営業成績を左右する「事実」と「解釈」の違い:真意を捉えるヒアリング術
あなたはお客様との会話の中で、どれだけ「事実」をしっかり捉えていますか?もしかすると、あなたの頭の中で「こうだろう」という思い込みや解釈が優先されてしまっていることはありませんか?
営業の現場では、この「事実」と「解釈」を混同することで、結果が大きく変わってしまうことがあります。この記事では、事実と解釈をどのように分けるべきか、そして解釈を適切に活かしながら次のアクションに繋げる方法をお伝えします。
「事実」と「解釈」を混同するリスク
営業の現場でよく見られるのが、「お客様がこう言っていたから」と自分なりの解釈を加えてしまうケースです。例えば、「お客様はこの商品を気に入っていないのではないか?」と勝手に解釈してしまい、提案を諦めたり、別の商品をすすめてしまうことがあります。しかし実際には、お客様はその商品の詳細がまだ理解できていないだけかもしれません。
このように、自分の「解釈」によって行動が変わってしまうことは、営業のみに限らず、仕事をする上れで大きな問題になり得ます。解釈に頼りすぎると、正しい対応ができず、結果として営業活動に悪影響を及ぼす可能性が高まります。
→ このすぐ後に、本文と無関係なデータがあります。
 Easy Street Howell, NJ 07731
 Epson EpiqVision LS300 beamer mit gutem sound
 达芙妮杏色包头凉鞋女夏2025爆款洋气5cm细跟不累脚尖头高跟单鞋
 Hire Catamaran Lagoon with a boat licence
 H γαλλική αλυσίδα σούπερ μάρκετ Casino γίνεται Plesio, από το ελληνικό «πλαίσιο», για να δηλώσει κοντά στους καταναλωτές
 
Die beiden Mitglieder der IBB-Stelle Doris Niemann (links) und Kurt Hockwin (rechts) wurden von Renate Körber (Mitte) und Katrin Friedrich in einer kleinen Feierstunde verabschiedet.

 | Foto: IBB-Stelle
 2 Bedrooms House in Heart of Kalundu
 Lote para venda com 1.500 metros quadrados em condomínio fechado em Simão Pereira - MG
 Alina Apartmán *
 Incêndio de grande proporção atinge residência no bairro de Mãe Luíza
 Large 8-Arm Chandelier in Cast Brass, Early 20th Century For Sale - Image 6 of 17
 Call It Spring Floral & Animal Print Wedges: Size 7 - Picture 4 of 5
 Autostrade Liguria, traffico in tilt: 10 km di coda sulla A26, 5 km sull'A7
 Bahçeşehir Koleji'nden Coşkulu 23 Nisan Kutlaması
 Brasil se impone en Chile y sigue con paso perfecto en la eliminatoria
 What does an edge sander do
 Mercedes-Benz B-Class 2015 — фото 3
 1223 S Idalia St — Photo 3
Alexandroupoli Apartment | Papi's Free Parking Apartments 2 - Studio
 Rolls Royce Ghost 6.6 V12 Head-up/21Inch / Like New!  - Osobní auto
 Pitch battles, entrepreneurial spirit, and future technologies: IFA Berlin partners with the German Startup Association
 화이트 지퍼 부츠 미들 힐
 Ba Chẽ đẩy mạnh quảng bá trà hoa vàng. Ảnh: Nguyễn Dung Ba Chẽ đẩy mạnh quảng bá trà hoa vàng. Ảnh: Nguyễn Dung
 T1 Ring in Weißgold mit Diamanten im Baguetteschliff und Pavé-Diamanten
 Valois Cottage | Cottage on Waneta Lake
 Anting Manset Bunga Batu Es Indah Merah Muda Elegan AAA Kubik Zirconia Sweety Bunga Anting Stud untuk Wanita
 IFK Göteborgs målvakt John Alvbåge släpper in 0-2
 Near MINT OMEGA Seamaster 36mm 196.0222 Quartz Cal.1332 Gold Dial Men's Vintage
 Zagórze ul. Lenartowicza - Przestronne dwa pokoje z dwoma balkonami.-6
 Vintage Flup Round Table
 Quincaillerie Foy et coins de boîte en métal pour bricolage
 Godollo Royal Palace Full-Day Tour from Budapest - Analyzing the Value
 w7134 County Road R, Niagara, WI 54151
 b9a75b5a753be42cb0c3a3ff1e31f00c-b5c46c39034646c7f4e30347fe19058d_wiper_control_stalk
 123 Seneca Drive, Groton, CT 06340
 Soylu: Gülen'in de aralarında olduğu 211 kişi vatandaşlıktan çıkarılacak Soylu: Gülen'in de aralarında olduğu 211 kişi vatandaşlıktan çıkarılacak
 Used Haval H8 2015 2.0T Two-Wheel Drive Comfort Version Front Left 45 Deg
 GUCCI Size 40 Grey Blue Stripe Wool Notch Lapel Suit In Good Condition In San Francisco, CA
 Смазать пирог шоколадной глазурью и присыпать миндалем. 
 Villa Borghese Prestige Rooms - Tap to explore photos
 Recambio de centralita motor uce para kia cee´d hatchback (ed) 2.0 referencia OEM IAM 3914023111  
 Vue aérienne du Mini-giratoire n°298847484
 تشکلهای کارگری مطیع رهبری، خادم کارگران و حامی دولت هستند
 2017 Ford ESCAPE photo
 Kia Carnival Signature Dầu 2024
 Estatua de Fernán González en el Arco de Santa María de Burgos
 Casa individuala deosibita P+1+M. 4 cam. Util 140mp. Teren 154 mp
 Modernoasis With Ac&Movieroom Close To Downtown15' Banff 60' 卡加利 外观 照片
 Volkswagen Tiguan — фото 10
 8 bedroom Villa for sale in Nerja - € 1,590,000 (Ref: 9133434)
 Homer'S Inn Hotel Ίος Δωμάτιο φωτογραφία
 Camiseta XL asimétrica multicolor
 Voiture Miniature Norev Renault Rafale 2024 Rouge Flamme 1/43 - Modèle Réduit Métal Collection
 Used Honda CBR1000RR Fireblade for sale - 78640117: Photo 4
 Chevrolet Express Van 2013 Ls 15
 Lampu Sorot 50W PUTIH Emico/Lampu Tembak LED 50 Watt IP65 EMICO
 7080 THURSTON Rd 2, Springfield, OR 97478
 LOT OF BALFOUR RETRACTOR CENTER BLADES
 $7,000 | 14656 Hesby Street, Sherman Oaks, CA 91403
ある事例として「お客様は『もう少し考えます』と言った。だから、興味がないんだな」と解釈してしまった営業マンAさんは、その後お客様へのフォローをやめてしまいました。しかし、お客様は単に詳細な情報が欲しかっただけだったため、別のB社からのフォローを受け、結果としてB社の方で契約が成立しました。
解釈が間違ったときのリスク
正しい解釈に基づいた判断であれば問題ありませんが、解釈が間違っている時にはいくつかのリスクが伴います。
- お客様のニーズに応えることができない
- 営業活動が効率を欠き、無駄な時間を過ごす
- お客様との信頼関係が崩れる
これらのリスクを避けるためにも、解釈に頼らず、しっかりと「事実」を確認すること、「事実」に忠実であることの重要性がこのケースからもわかります。
正しい「事実」を見極めるためのヒアリング技術
では、どうすれば「事実」を的確に把握できるのでしょうか?その鍵は、適切なヒアリング技術にあります。お客様が本当に何を言っているのか、どのようなニーズを持っているのかをしっかりと聞き取りましょう。
ヒアリングのポイント:
- 具体的な質問をする
お客様の発言を漠然と受け止めるのではなく、より具体的な質問を投げかけることで、事実を掘り下げることができます。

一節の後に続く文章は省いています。